The purposes of the research reported here were as follows:

• To determine the concentrations of seven heavy metals (Cd, Cr, Cu, Hg, Ni, Pb, and Zn) in Shijiazhuang street dust.
• To study heavy metal spatial distribution characteristics in the study area, using its ring roads as markers.
• To assess the pollution level and enrichment degree for the targeted heavy metals by using the index of geoaccumulation (Igeo), and enrichment factor (EF) methods.
• To apply multivariate statistical analysis to determine street dust heavy metal sources in the study area, and to quantify the relative contribution from each source, using the APCS-MLR model.
• To identify heavy metal pollution control measures based on the metal distribution characteristics and source apportionments identified in this study.

The overall objective has been to determine and evaluate heavy metal pollution areas in Shijiazhuang, and to establish a comprehensive geochemical data interpretation method. The intent is to provide a template for creating an important information base for health risk assessment and pollution prevention in the urban environment.

2. Materials and Methods

2.1. Study Area

Shijiazhuang is located between 114°23′–114°42′ E longitude and 37°58′–39° N latitude. It is located in the central and southern part of the large Hebei Plain, China, north of the capital Beijing and the port city of Tianjin, east of the Bohai sea and the northern oilfield, west of the Taihang mountains, and adjacent to the national coal base in Shanxi Province. The city has a warm, temperate, continental monsoon climate. Spring is relatively dry, with a northerly or southerly wind. In summer (June–August), under the influence of warm, humid oceanic airflow, precipitation accounts for 63–70% of the annual average, while autumn, affected by high pressure systems from Mongolia, is sunny with less rain, with the wind turning NW in late autumn. In winter, the NW wind prevails, under the influence of cold Siberian high-pressure systems. The annual average temperature is 14.2 °C, the annual total precipitation is between 513.6 and 718.5 mm, and on average there are ~2200 h of sunshine annually.

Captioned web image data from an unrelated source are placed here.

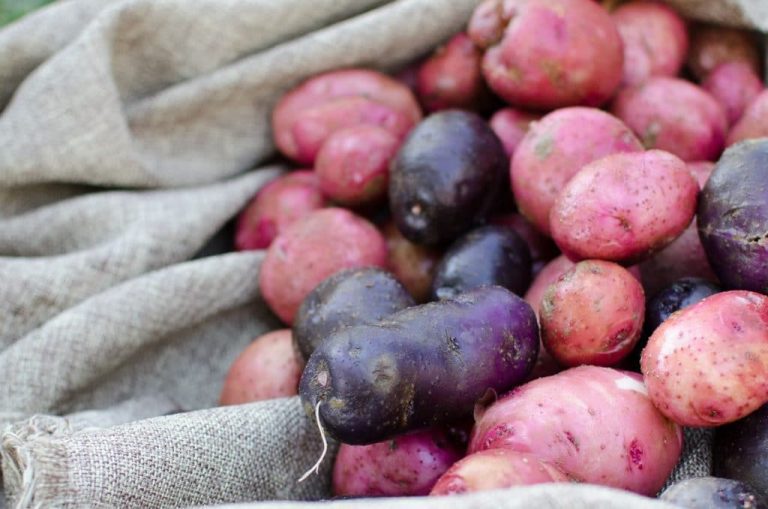 How to Can Potatoes (Plus 10 Other Ways to Preserve Them)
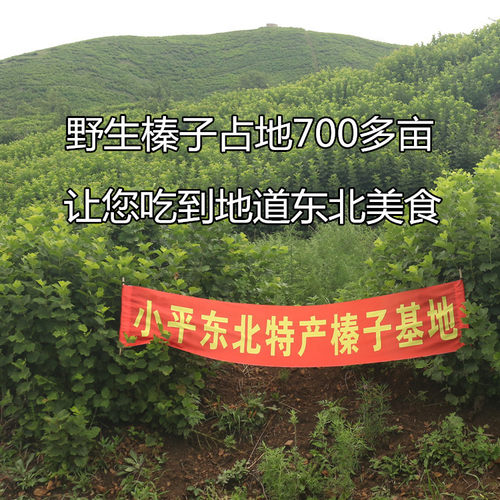 东北野生铁岭开口榛子生的小榛子生榛子山榛子野山开原特产原源香 - 图0
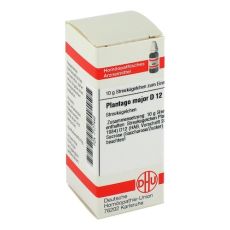 PLANTAGO MAJOR D 12 Globuli (PZN 07177440)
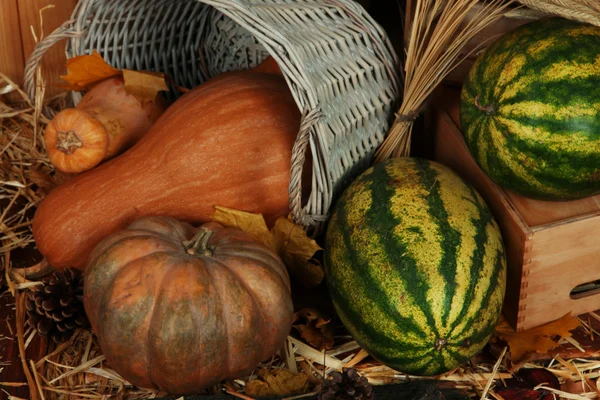 Pumpkins in basket and watermelons on crate on straw close up — Stock Photo, Image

The research area mainly included the Shijiazhuang districts of Changan, Qiaodong, Qiaoxi, Yuhua, and Xinhua, encompassing a total area of 455.81 km², with a population of about 3.22 million. The study area includes three ring roads: The 1st ring road is composed of four main roads—Heping Road, Tiyu Street, Huaian Road, and Zhonghua Street—and is encircled by the 2nd ring road and the 3rd ring road, in sequence. The main E–W arterials are Heping, Zhongshan, Yuhua, and Huaian roads, and the principal N–S arterials are Youyi, Zhonghua, Pingan, Jianshe, Tiyu, Jianhua, Zhaiying, and Tangu streets, as shown in Figure 1.

2.2. Sample Collection

Sampling was conducted in clear and calm weather conditions from June to July, when there had been no significant rain or strong wind for at least a week beforehand. The sampling process was conducted to avoid interference from direct pollution sources. On-site, dust distribution characteristics of the study area were reviewed and, where it was considered to be evenly distributed, dust samples from each street were collected from 1 m² quadrats using a brush and plastic shovel at each location. In total, 234 street dust samples (particulate matter) were collected, with each sample weighing ~200 g. Sampling point locations were recorded with GPS positioning to log their longitude and latitude, and records were made of the surrounding environmental conditions and the sample number. The collected samples were packed into pre-labeled, polyethylene plastic bags, and returned to the laboratory for natural air drying at room temperature. After air drying, the samples were screened, using a 20 mesh nylon mesh, to remove large objects, including stones, leaves, cigarette butts, hair, etc.

2.3. Chemical Analysis

During sample pretreatment, all containers were soaked in 30% nitric acid for 48 h, then washed with ultra-pure water and dried in an oven at low temperature. Dust samples were digested with HNO₃-HF-HCl, after passing through a 74 μm nylon sieve. In the digestion process, blank samples, repeat samples, and national standard samples were identified, for quality control, in compliance with soil component analysis standards GBW07406 (GSS-6) and GBW07427 (GSS-13). The accuracy of the results was validated using blanks and standards, allowing the standard soil sample error to be controlled to within 5%. Hg was determined with atomic fluorescence spectrometry (Beijing HaiGuang instrument co., LTD, Beijing, China), with detection limit of 5 ng/g. Graphite furnace atomic absorption spectrometry (Agilent Technologies Inc., California, USA) was used for Cd analysis, with analytical limit of 0.02 μg/g. Pb, Cu, Zn, Ni, and Cr were analyzed using X-ray fluorescence (PANalytical B.V., Almelo, Netherlands). X-ray fluorescence has been applied to street dust analysis by a large number of scholars [1,13,16,17], with detection limits of 2, 1, 3, 2, and 3 μg/g, respectively.

2.4. Enrichment Factor

Enrichment factor (EF) is an important index quantifying interference to the natural environment caused by anthropogenic activities. By comparing heavy metal element concentrations in samples with background levels, the anthropogenic influence status in the surface environment can be determined [1,37]. The reference element is the main constituent element in the reference substance and is ubiquitous in the sample: Elemental Fe was selected as the reference in this case, allowing Shijiazhuang street dust heavy metal EF to be calculated, as shown in Equation (1).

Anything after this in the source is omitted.